Rare Pokemon Card Sells For $60,000, Then Gets Lost In The Mail
Trading cards can sell for hundreds of dollars, making them serious business for collectors. The rarer the card, the more it’s worth. Case in point with Trainer No. 3, a rare Pokémon card that sold for $60,000 in August 2018. That same card, sold through eBay, has turned up missing–or lost–in the mail. No one really knows.

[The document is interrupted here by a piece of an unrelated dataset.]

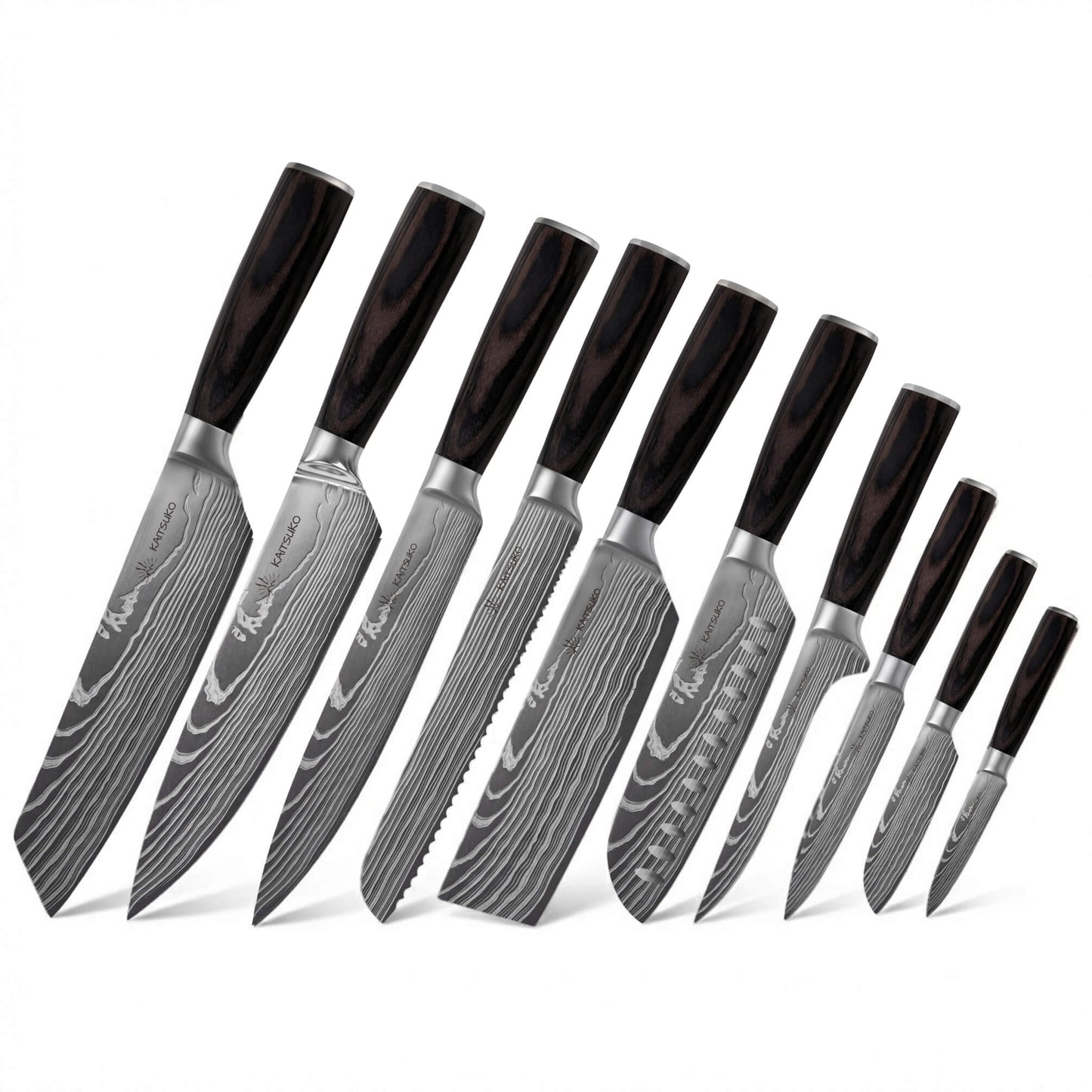 Set de 10 couteaux Japonais - Chef Tanaka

Trainer No. 3 holds a lot of history in its paperboard: It was only given to the third-place winner of Pokémon competition Super Secret Battle in Japan in 1999. Polygon reports that the card ended up in the hands of eBay seller pokemonplace, who used international delivery service Aramex to send Trainer No. 3 to its buyer. Pokemonplace says it sent the card, sealed in a plastic container with a unique holo pattern, to Aramex via USPS, with $50,000 insurance. Aramex signed for a bulk lot from USPS that was supposed to include the card–but Aramax says Trainer No. 3 wasn’t in the delivery, which included a medley of other items as well. Right now, no one has a clue where it is.
“My responsibility was to ship the card to Aramex […] a middle man company that then ships the card to the buyer,” pokemonplace said. “The tracking information I have was with registered mail and shows tracking and a signature. Aramex claims they haven’t received it and signed for a bulk lot.”
An insurance claim cannot be filed because Aramex signed for the bulk lot.
Avid collector and Pokémon card enthusiast smpratte has theorized what might have happened but has no proof to support the conclusion. Smpratte thinks someone saw how much the card sold for and thought to bank on the paperboard’s price tag. Unfortunately, reselling Trainer No. 3 is impossible due to its originality and recognition in the fandom. You can check out his deductive reasoning in the video below.
Was it lost? Was it stolen? There doesn’t seem to be a definitive answer, but pokemonplace is chucking the whole thing up as a loss. “I would classify it as lost,” pokemonplace said. The seller is willing to pay $1,000 to anyone with information about the card’s whereabouts.